El poeta Leopoldo María Panero. Imagen│Cortesía. |
FABIO CASTILLO | Comayagua
Conocí la obra de Panero hace más o menos 20 o 21 años. Fue en una clase
de Español que se habló de «Así se fundó Carnaby Street» y de inmediato me di a
la tarea de saber sobre su contenido. Desde ese momento supe que un arquetipo
de ideas y conceptos muy poco usuales en mi universo poético se estaba formando
y consolidando. Fue un momento pivotal y chocante, igual que me sucedió cuando
supe de Sabines y de Huidobro unos años antes.
Adentrarse en la poesía de Panero es aceptar como premisa la desgarradora
experiencia de un metalenguaje que se desangra, pero que de la misma manera
reivindica desde un proceso multilingüístico y polisémico, que nos sitúa en
medio de una incertidumbre que podemos descifrar desde nuestros estratos
sensoriales. Jugar con el delirio y con las acechanzas de los fantasmas del
verso y la tinta no es más que patentar una visión cosmogónica de la creación
desde un rincón de la desesperanza.
La poesía del maestro Panero siempre se decantó por la antítesis de todo
lo cognoscitivo. Él mismo era un antagonista de sus propias ideas. El tormento
y las constantes afrentas que lo llevaron a autorrecluirse en el «Hospital del
Dr. Rafael Inglot», como él llamaba al pabellón psiquiátrico donde se
encontraba, dieron fe de sus constantes y fatídicas luchas con un álter que se
negaba a abandonar su condición de poeta maldito y bizarro al mismo tiempo.

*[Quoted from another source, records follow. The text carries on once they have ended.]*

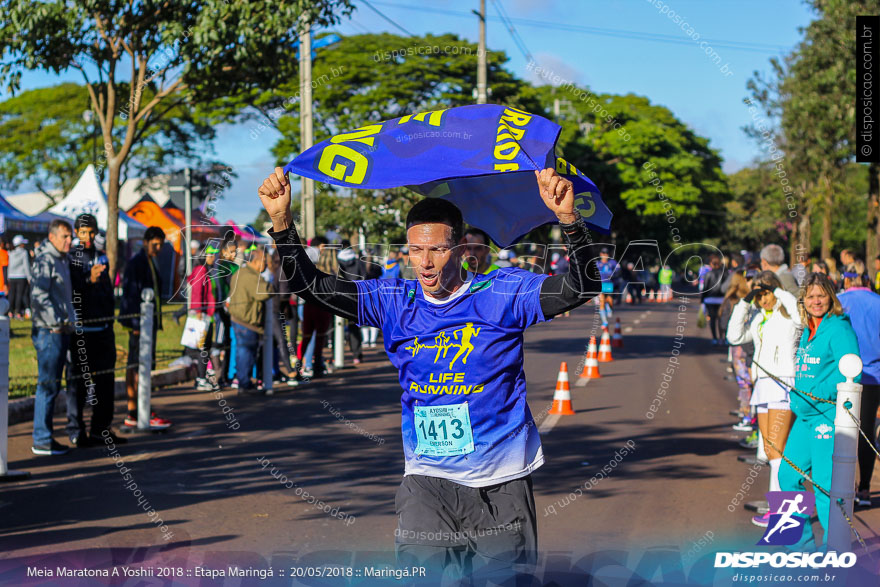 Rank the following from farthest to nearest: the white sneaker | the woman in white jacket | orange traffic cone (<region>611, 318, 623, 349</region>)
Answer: orange traffic cone (<region>611, 318, 623, 349</region>) → the white sneaker → the woman in white jacket

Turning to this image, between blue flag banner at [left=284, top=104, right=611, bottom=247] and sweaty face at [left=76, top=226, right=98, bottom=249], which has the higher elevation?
blue flag banner at [left=284, top=104, right=611, bottom=247]

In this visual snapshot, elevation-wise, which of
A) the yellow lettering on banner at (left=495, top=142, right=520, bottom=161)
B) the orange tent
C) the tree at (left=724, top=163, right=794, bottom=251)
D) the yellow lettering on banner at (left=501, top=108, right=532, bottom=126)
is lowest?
the yellow lettering on banner at (left=495, top=142, right=520, bottom=161)

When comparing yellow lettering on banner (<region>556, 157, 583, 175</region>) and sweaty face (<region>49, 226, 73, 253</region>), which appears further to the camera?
sweaty face (<region>49, 226, 73, 253</region>)

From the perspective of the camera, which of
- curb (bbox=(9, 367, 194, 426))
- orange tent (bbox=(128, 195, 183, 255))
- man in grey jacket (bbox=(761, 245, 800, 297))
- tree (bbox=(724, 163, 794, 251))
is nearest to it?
man in grey jacket (bbox=(761, 245, 800, 297))

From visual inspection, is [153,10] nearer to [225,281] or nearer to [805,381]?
[225,281]

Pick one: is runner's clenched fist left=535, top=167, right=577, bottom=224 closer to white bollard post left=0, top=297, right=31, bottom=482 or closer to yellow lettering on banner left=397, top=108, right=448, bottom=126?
yellow lettering on banner left=397, top=108, right=448, bottom=126

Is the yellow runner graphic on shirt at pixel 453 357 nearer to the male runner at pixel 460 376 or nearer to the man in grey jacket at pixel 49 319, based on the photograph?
the male runner at pixel 460 376

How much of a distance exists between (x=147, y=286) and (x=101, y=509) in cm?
419

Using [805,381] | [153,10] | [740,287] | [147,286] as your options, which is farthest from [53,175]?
[805,381]

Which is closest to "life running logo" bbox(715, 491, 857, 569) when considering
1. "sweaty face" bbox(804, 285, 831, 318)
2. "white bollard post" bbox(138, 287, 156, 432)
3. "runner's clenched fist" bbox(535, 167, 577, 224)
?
"sweaty face" bbox(804, 285, 831, 318)

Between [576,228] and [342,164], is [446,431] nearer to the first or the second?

La universalidad de Leopoldo María –en mi opinión– radicaba en la forma
descarnada con que describía y atacaba una realidad que se fastidiaba de sí
misma y que los contra-sentimientos no eran más que el complemento de una
estructura que se basaba en la anti-natura del verso. Cuerdo o no, la visión
óntica de la poesía de Panero iba más allá del sufrimiento, del desencanto, de
todo aquello que le desnudaba el alma y le hacía aparecerse en un profundo
estadio de desánimo necesario para su supervivencia.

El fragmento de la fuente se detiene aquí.